If the Australian public were listening to various opposition members in this debate, I think they would go away very confused. The member for Moncrieff was stating that we do not need NBN—that health services over fast broadband are happening now. At the same time, the member for Ryan is saying that there is no doubt that the country will benefit from the rollout of fibre across the country to deliver fast broadband but that, overall, it is bad for the country because it will cost money. The shadow minister is outlining proposed amendments, yet to be tendered, which allegedly seek to provide for competition because the providers do not want to miss out on the opportunities that come from the demand for fast broadband. At the same time, other opposition members are criticising the NBN rollout as a white elephant because apparently no householders are going to take up the option of connecting fast broadband to their premises. So on one hand providers are missing out and, on the other, nobody is going to take up broadband.

Then of course we have the shadow minister continually using South Korea as an alternative example of a country that is rolling out fast broadband but only to the basement. There are many similarities between Australia and South Korea—they are celebrating this year, as is Australia, Australian-Korean diplomatic relationships over the past 50 years. But when we compare the size of the countries and when we compare the living styles—the majority of their population live in high-rise apartments; the majority in Australia live in stand-alone houses—it is clear that the statements being relied on are just incorrect. The arguments are flawed.

In fact, when the shadow minister was asking questions about South Korea of Mr Harris, the Secretary of the Department of Broadband, Communications and the Digital Economy, Mr Harris said:

On the Korean issue, we had the Korea-Australia-New Zealand Broadband Summit in Hobart a few weeks ago. I asked the Korean communications commissioner about these issues … I asked the CEO of the Korean Communications Com­mission. He is a senior representative in creating the plans by which the Koreans are doing these investments.

He went on to state:

Korea has a Fibre-To-The-Home Council and is clearly running, in their advice to us, fibre-to-the-home network planning. They are doing fibre to the home.
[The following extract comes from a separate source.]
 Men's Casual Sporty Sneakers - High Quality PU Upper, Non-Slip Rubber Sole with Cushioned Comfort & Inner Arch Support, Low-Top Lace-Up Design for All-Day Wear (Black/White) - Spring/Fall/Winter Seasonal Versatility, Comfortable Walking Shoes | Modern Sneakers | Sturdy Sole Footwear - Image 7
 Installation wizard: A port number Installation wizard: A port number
They are just sequencing it as we have done, fibre to the basement, as you have said, we have done some fibre to the node and we are keeping on going and now doing fibre to the home. It has not stopped. Their program continues and their objective is fibre to the home.
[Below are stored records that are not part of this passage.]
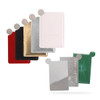 A set of stainless steel portable mirrors in various colours including red, black, white, silver, and green, featuring a logo.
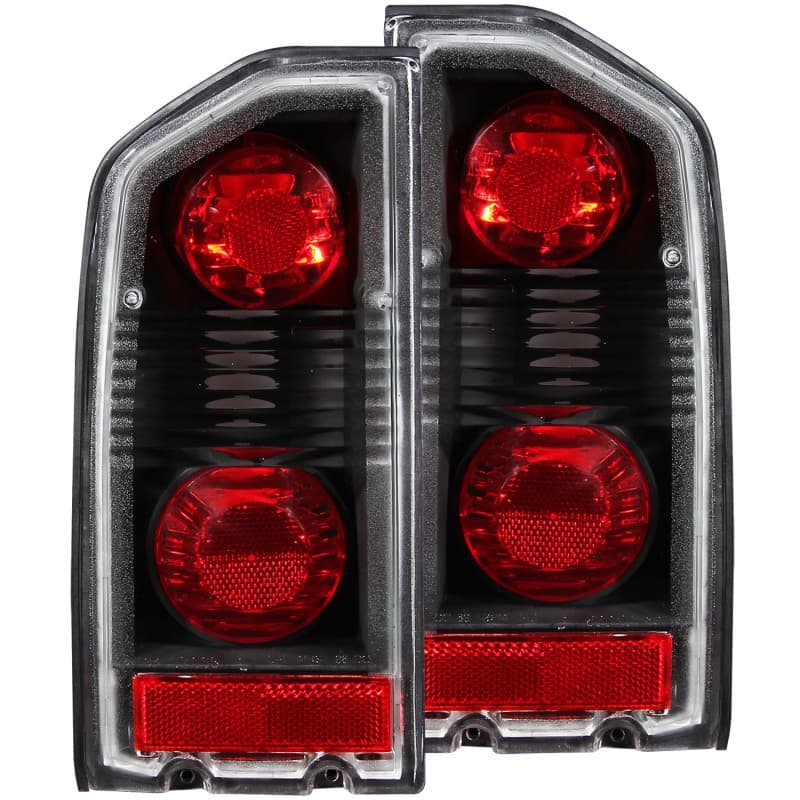 ANZO Tail Light Assembly Pair Clear Lens Black Housing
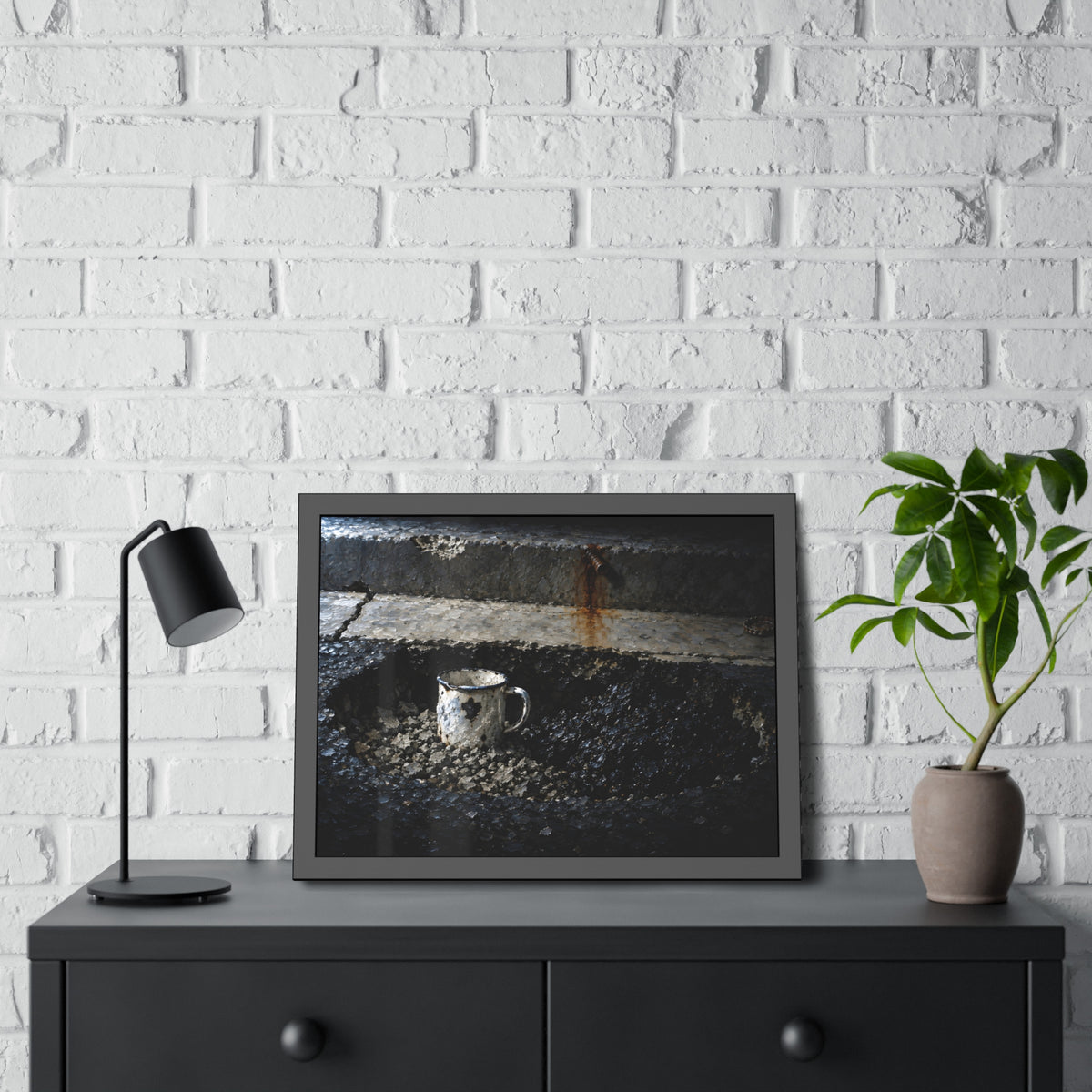"The Mug Standing Free": A Garabaggio Framed Print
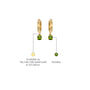 Descriptive image of august birthstone hoops with peridot drops 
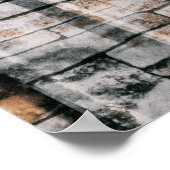 Wit en zwart abstract schilderij poster (Hoek)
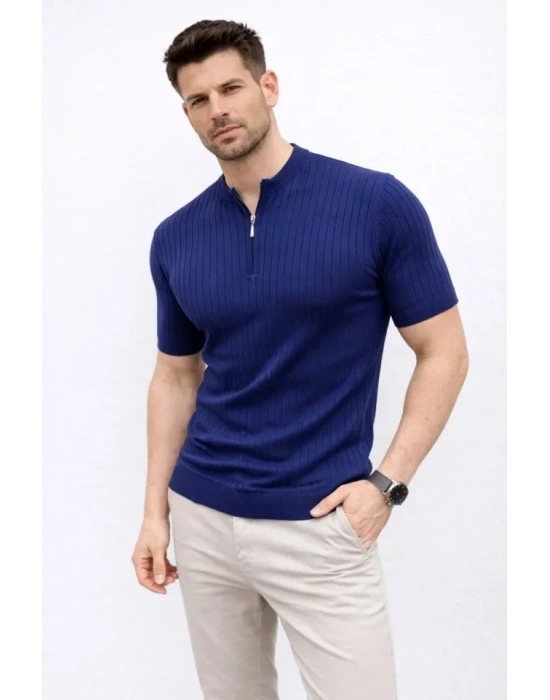 Erkek Kısa Kol Fitilli Triko Thirt Yazlık Hakim Yaka Tişört  acivert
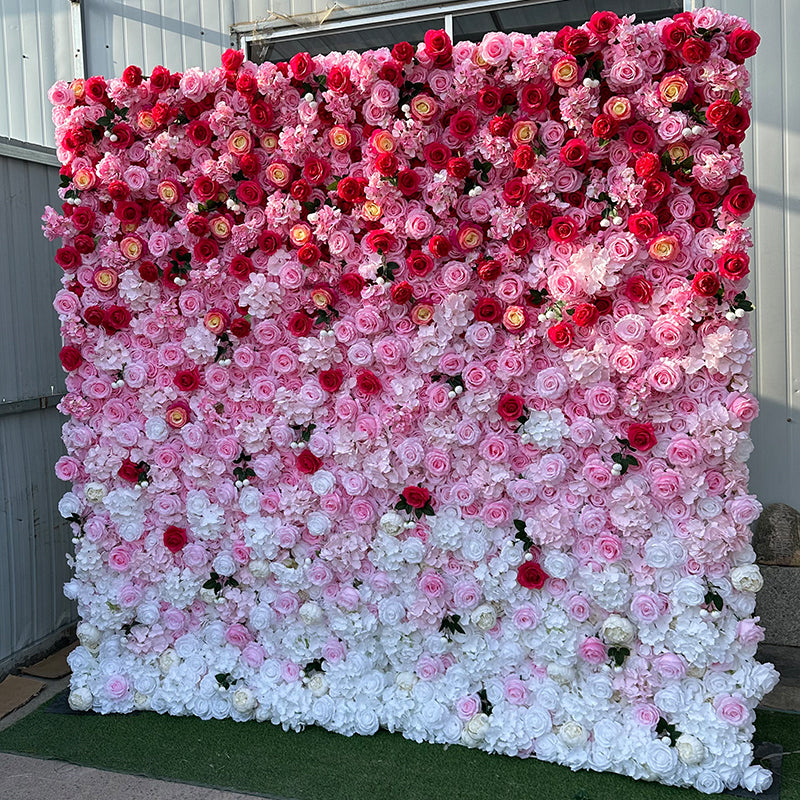 Red & Pink & White Premium Ombre Flower Wall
By all means we should look at international examples and learn from their experiences, but it is important that we do not get distracted by flawed arguments, such as that from the shadow minister. Although the opposition clearly do not understand the importance of a national fast broadband network and the benefits it can and will bring to many aspects of our economy and people's lives, the Labor Party and this Labor government do understand. That is why this Gillard Labor government is committed to passing this bill, committed to ensuring that fibre-ready infrastructure in our new developments and committed to seeing the rollout of the National Broadband Network. People in my electorate of Petrie understand the importance of such infrastructure. We have many black spots, even though we are metropolitan and outer metropolitan, where people cannot get broadband at all. People in my electorate understand the importance of the National Broadband Network. The Australian people understand the importance of such infrastructure. That is why this government is delivering on its promise to the Australian people and it is for this reason that I commend the bill to the House.